39. L’Etat a une obligation constitutionnelle ou statutaire de fournir un recours accessible, efficace et possible par lequel les présumées victimes peuvent chercher reconnaissance et rétablissement de leurs droits avant de recourir au système international de protection des droits humains. De telles procédures ne devraient pas être que de simples formalités qui, plutôt que de leur permettre la réalisation de ces droits, prolonge dans le temps toute possibilité de succès eu égard à leur affirmation, reconnaissance ou exercice.
40. Très clairement, la situation telle que présentée par l’Etat Défendeur ne permet pas une garantie suffisante de la loi pour la protection des droits qui auraient été violés ; les détenus se sont vus denier l’accès aux recours internes dans le cadre de la législation nationale et ont par conséquent été empêchés de les épuiser. En outre, il y a eu un retard injustifié dans la traduction des détenus en justice.
41. Pour toutes ces raisons, la Commission africaine déclare cette communication recevable.

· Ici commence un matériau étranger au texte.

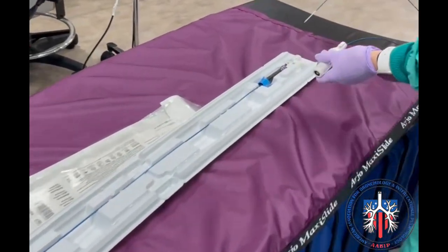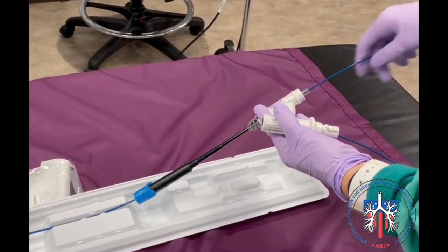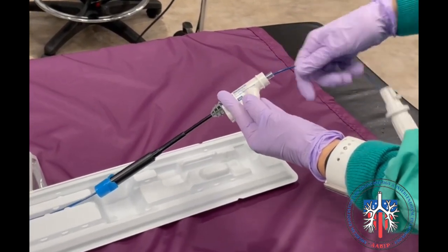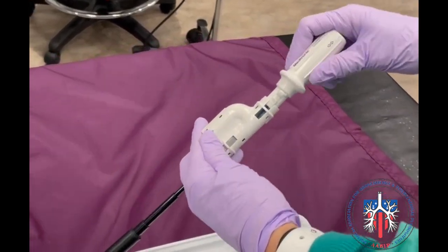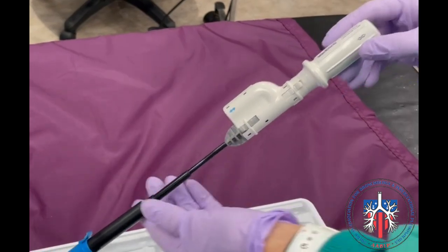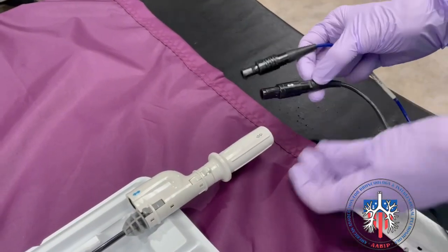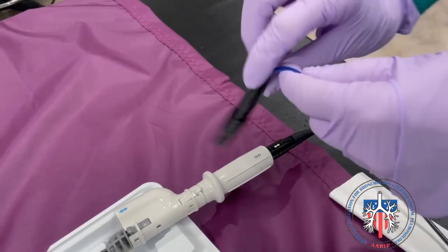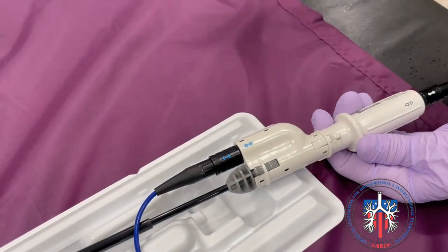This is an example of a locatable guide and catheter extended working channel assembly. The locatable guide is inserted into the extended working channel and locks into place. The cables to the locatable guide and the extended working channel are then attached — first the black locatable guide cable, then the blue extended working channel cable.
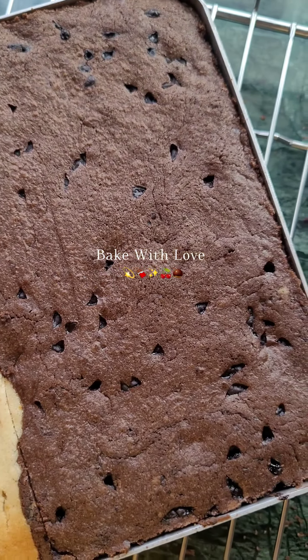Then we will add the dry ingredients: one teaspoon of salt, two teaspoons of baking powder, and a little baking soda — if you don't have it, you can skip it. After that, you can add cherries, fruit and nut, tootie fruity, or any nuts you like.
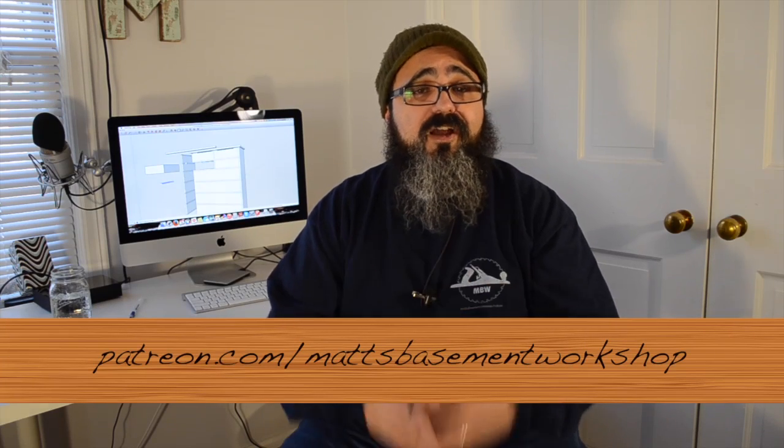One thing I do want to mention — this is going to be the bonus footage for the Patrons of Matt's Basement Workshop — and that's talking about non-traditional joinery: where I would end up using it most in my designs and projects. By non-traditional joinery I'm talking about stuff like pocket holes or maybe even biscuits. There are places for it, and I don't use it in every single project, but once in a while I do. If you'd like to become a patron, check out the information at my website or head over to patreon.com/Matt's Basement Workshop, where you can sign up for as little as $2 a month.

Décision de la Commission africaine au sujet de la requête de l’Etat Défendeur de revoir sa décision sur la recevabilité de la communication

42. La présente communication a été déclarée recevable lors de la 33ème Session ordinaire de la Commission africaine tenue en mai 2003. Suite à la correspondance de la Commission africaine demandant des observations écrites sur le fond, l’Etat Défendeur s’est dit consterné par la décision de la Commission africaine déclarant la communication recevable. Il a déclaré qu’il trouvait inacceptable cette décision de recevabilité prise par la Commission [africaine] et qu’il demandait donc qu’elle soit revue.
43. Avant de traiter du fond de la communication, la Commission africaine voudrait se prononcer sur la requête de l’Etat Défendeur lui demandant de réviser sa décision de recevabilité de la communication.
44. Premièrement, il convient de noter que l’Etat Défendeur n’a apporté aucun élément nouveau, que ce soit sur les faits tels qu’ils ont été examinés par la Commission africaine, que ce soit sur les bases juridiques sur lesquelles se fonde cette requête.
45. Deuxièmement, l’article 118 [al.] 2 du Règlement intérieur de la Commission [africaine] stipule que:
“Si la Commission a déclaré une communication irrecevable en vertu des dispositions de la Charte, elle peut reconsidérer sa décision à une date ultérieure si elle reçoit une requête demandant qu’elle soit re-examinée…. “
Le Règlement Intérieur ne prévoit pas que la Commission africaine revoie sa décision une fois qu’une communication a été déclarée recevable. En outre, la Commission africaine a établi la pratique de ne pas réexaminer une décision déclarant une communication recevable.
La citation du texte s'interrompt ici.